**About this task**
In the records below, find the line that contains "Rakuten - RACING" and the line that contains "Hand drawn music", then retype exactly those two lines and every line between them.

[Caption-style text data]
____________________

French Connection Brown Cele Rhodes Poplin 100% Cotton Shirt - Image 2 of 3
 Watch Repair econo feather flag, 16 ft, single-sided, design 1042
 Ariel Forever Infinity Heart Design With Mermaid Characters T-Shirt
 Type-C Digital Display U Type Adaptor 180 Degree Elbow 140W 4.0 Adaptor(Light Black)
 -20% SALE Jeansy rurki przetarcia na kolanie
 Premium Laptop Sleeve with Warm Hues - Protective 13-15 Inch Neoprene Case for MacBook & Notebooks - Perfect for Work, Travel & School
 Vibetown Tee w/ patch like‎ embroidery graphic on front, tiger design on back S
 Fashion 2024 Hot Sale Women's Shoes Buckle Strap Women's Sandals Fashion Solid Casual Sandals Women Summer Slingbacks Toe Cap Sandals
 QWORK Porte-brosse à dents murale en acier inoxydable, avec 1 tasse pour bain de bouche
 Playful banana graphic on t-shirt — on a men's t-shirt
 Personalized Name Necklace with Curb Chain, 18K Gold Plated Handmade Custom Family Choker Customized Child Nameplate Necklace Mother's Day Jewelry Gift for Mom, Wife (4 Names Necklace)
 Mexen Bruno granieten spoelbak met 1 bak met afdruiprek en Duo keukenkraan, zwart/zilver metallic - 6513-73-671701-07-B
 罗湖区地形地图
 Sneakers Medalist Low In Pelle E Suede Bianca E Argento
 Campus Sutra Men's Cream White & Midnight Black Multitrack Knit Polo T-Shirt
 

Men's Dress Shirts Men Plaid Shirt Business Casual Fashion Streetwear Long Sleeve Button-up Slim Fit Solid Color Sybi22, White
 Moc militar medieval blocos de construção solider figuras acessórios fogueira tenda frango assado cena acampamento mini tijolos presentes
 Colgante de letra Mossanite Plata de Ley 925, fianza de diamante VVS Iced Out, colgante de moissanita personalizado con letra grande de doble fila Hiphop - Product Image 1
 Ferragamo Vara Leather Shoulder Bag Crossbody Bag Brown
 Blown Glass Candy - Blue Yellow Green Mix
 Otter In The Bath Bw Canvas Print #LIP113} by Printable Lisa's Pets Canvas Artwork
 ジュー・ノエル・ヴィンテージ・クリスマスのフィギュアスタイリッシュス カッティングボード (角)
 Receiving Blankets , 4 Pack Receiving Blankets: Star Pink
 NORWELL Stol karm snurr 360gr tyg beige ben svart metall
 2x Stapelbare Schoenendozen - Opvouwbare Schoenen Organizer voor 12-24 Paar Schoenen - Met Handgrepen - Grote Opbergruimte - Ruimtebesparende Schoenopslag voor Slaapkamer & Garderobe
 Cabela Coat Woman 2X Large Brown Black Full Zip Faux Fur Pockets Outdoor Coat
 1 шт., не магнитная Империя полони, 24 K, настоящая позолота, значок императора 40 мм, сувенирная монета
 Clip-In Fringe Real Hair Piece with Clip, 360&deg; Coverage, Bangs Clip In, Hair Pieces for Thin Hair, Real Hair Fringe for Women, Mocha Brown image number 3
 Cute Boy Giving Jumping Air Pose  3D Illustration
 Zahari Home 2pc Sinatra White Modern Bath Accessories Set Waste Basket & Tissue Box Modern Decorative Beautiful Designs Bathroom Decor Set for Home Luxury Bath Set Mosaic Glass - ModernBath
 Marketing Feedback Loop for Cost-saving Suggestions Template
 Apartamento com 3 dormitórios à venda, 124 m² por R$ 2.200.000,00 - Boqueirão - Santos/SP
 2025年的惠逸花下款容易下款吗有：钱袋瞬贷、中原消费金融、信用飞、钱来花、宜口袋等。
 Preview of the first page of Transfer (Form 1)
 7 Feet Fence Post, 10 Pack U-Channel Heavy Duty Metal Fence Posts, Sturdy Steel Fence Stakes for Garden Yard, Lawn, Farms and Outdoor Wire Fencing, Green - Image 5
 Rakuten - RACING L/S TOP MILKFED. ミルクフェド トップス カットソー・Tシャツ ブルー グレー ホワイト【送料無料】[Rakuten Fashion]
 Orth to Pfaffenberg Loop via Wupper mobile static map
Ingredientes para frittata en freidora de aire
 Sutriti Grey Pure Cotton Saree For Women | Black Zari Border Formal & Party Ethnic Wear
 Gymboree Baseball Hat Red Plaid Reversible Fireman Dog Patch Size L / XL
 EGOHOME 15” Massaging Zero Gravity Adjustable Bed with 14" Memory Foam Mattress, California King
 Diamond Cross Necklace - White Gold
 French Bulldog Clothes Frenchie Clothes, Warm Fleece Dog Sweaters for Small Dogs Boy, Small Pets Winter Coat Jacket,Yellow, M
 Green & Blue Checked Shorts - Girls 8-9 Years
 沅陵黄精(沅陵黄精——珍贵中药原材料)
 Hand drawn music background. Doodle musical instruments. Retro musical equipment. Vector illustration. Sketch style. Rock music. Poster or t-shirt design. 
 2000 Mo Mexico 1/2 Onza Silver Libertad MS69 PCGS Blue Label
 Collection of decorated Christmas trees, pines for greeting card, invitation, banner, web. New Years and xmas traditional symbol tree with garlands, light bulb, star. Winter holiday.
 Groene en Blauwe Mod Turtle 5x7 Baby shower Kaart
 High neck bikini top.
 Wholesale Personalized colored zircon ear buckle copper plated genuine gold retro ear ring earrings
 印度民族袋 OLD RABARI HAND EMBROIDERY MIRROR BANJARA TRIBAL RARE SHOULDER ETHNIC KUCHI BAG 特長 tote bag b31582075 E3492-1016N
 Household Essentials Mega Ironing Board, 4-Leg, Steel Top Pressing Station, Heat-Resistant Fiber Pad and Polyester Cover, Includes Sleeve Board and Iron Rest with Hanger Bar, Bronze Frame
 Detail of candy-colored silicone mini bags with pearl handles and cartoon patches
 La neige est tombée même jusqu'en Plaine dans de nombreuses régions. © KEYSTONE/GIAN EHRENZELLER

____________________

**Answer space**
 Rakuten - RACING L/S TOP MILKFED. ミルクフェド トップス カットソー・Tシャツ ブルー グレー ホワイト【送料無料】[Rakuten Fashion]
 Orth to Pfaffenberg Loop via Wupper mobile static map
Ingredientes para frittata en freidora de aire
 Sutriti Grey Pure Cotton Saree For Women | Black Zari Border Formal & Party Ethnic Wear
 Gymboree Baseball Hat Red Plaid Reversible Fireman Dog Patch Size L / XL
 EGOHOME 15” Massaging Zero Gravity Adjustable Bed with 14" Memory Foam Mattress, California King
 Diamond Cross Necklace - White Gold
 French Bulldog Clothes Frenchie Clothes, Warm Fleece Dog Sweaters for Small Dogs Boy, Small Pets Winter Coat Jacket,Yellow, M
 Green & Blue Checked Shorts - Girls 8-9 Years
 沅陵黄精(沅陵黄精——珍贵中药原材料)
 Hand drawn music background. Doodle musical instruments. Retro musical equipment. Vector illustration. Sketch style. Rock music. Poster or t-shirt design. 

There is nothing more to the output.